# Programming for Data Analysis Project

**Problem statement**

create a data set by simulating a real-world phenomenon. Then,  model and synthesise data using Python by using
the `numpy.random` package.

**Guidelines**:
    
• Choose a real-world phenomenon that can be measured and for which you could
collect at least one-hundred data points across at least four different variables.

• Investigate the types of variables involved, their likely distributions, and their
relationships with each other.

• Synthesise/simulate a data set as closely matching their properties as possible.

• Detail your research and implement the simulation in a Jupyter notebook – them
data set itself can simply be displayed in an output cell within the notebook.


## Simulating Dublin Airport Movements

Dublin airport is the main airport in the Republic of Ireland. It was established 80 years ago. Dublin Airport officially opened at 9:00am on January 19, 1940. It was a cold Friday morning when the inaugural flight - an Aer Lingus Lockheed 14 bound for Liverpool - departed from Collinstown Airport, as it was then known.

In this assignment, I will analyse some profile of passengers that were using the airport in 2018 within one hour time frame.

Number of passengers per year: 31.5 million in 2018 [1]

Average hourly passengers calculated by dividing 31.5 (million) / 364 (days, closed for Chrismas day) which gives us 86,5 (Thousands) passengers daily on average.

Hourly Passenger Rate = 31.5 (millions) / 364 (days, closed for Chrismas day)  / 24 (hours).

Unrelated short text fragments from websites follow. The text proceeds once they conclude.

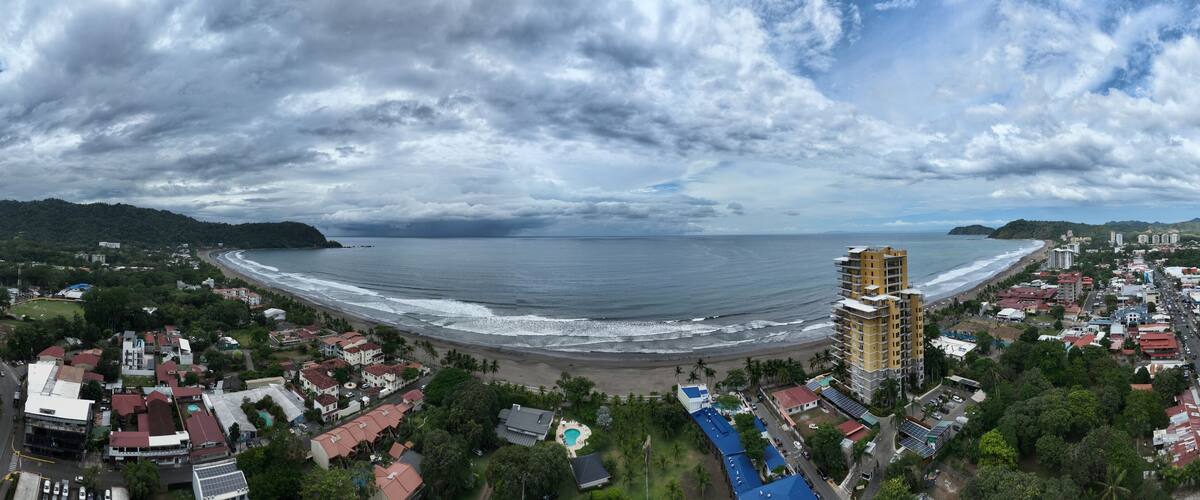 A coastal cityscape with a beach, ocean, and a tall building.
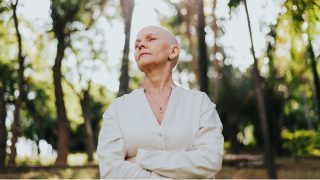 Mulher com câncer de mama pensativa em meio a natureza.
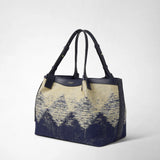 Frontal view: SMALL SECRET TOTE BAG IN DENIM AND RAFFIA stands on a light background; navy blue jacquard denim with raffia texture, adjustable leather handles. Visible lettering: SERAPIAN.
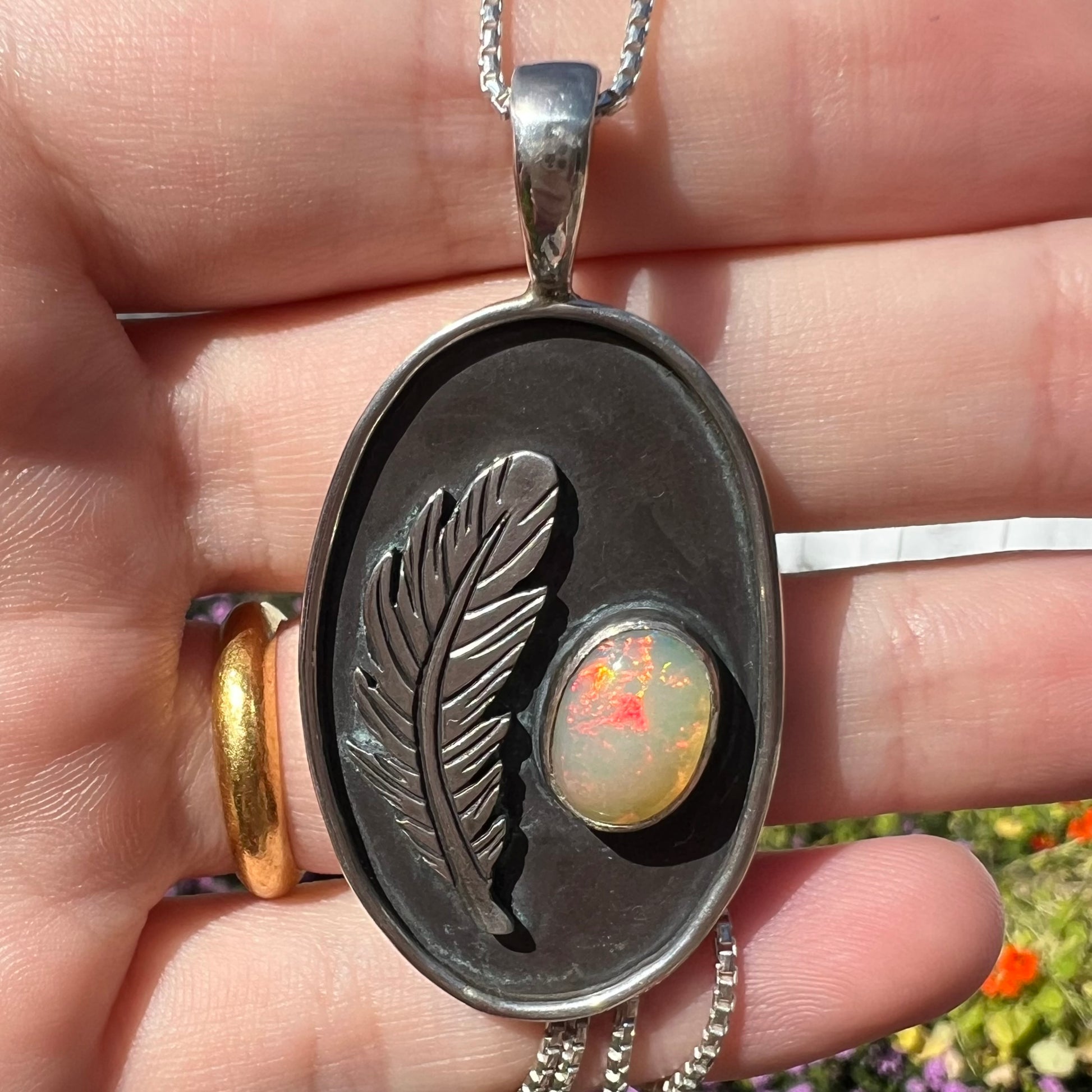 Close-up macro shot of men's fire opal and feather design necklace held in a hand under natural light.  The opal has red play of color.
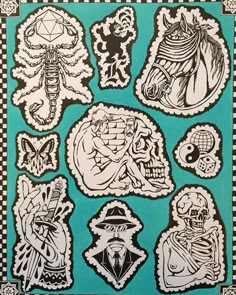 some stickers that are on the side of a blue paper sheet with black and white designs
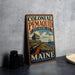 A vintage-style metal sign for the Colonial Pemaid State Historic Site in Maine, featuring an illustration of a cannon and a ship, with the text "Colonial Pemaid State Historic Site" and "MAINE" prominently displayed.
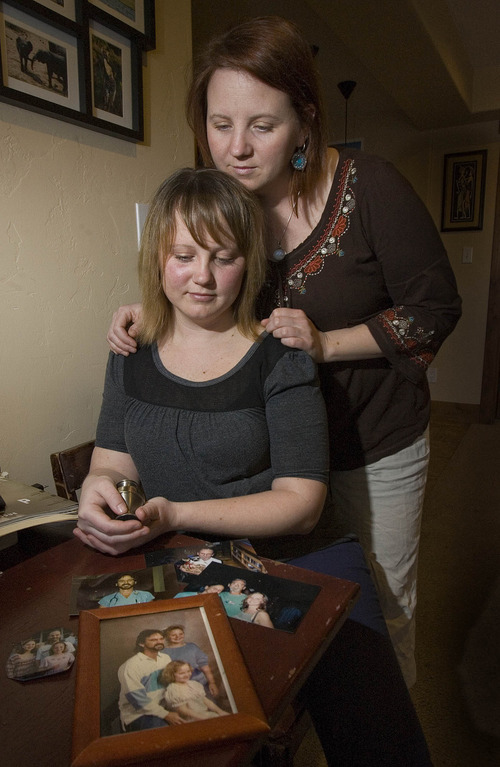 Paul Fraughton  |   Salt Lake Tribune
Ahren Exeter, front,  and her sister Erica Castledine look at  family photos of their father who died several years ago waiting for a liver donor. Ahren holds a small urn holding  some of her father's ashes
 Monday, March 18, 2013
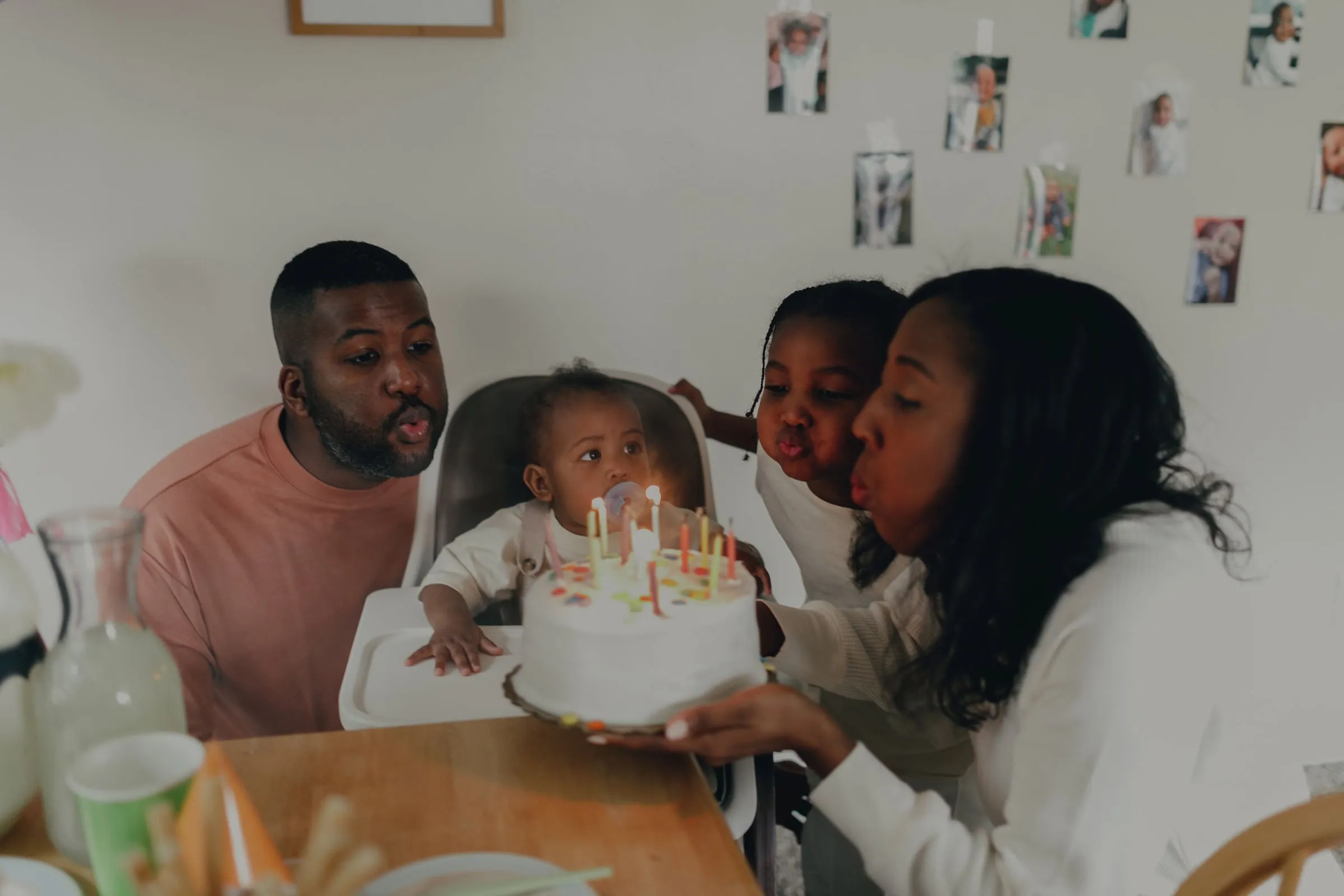 A family leaning in together to blow out the candles on a birthday cake, a baby in a high chair between them and photographs pegged along the wall behind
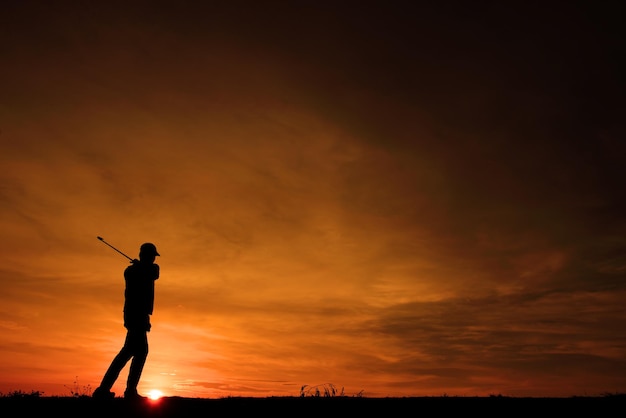 Golfista asiático de silhueta jogando golfe durante o belo pôr do sol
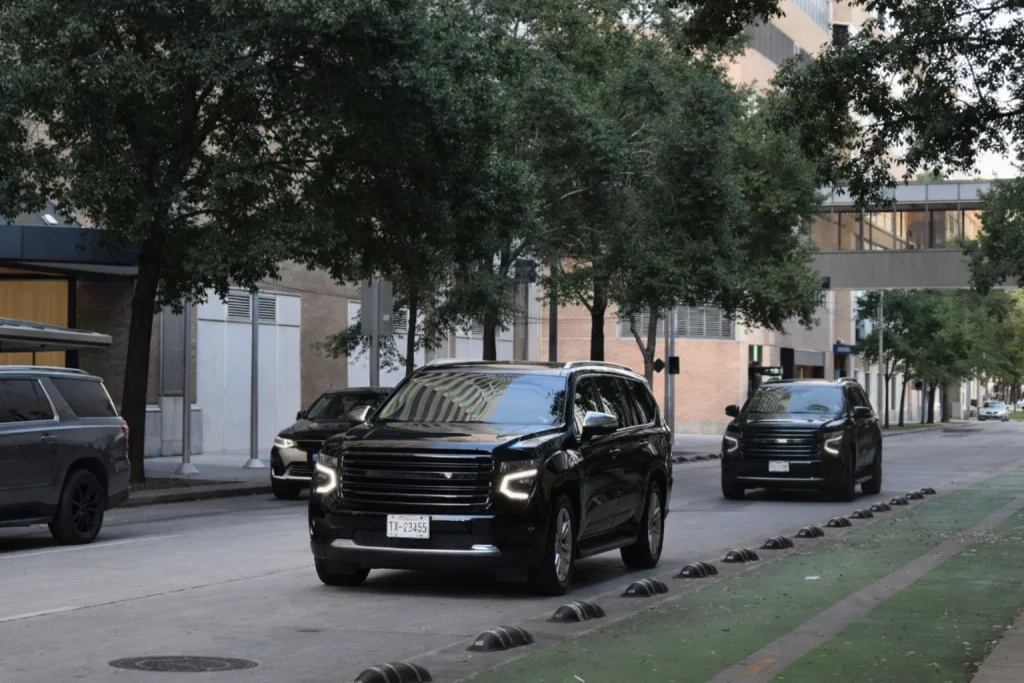Shoreline black car SUV arriving quietly for a driveway pickup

Hourly Passenger Rate = 3605 

We can anticipate that there was one passenger using the airport each second.

In [1]:
# importing numerical library
import numpy as np

rng = np.random.default_rng()

# importing library to generate data frames
import pandas as pd

# importing libraries for visualisation
import matplotlib.pyplot as plt
import seaborn as sns

# for interactive and inline rendered plots, we use the magic command
%matplotlib inline

# Better sized plots.
plt.rcParams['figure.figsize'] = (12, 8)
# Nicer colours and styles for plots.
# plt.style.use("ggplot")

### Creating the first array in the data set which represents a **DateTime** for an hour in 2018 :

In [2]:
# importing datetime function from pandas
# https://pandas.pydata.org/docs/user_guide/timeseries.html#timeseries
import datetime

dti = pd.to_datetime(["06/11/2018", np.datetime64('2018-11-06'), datetime.datetime(2018, 11, 6)])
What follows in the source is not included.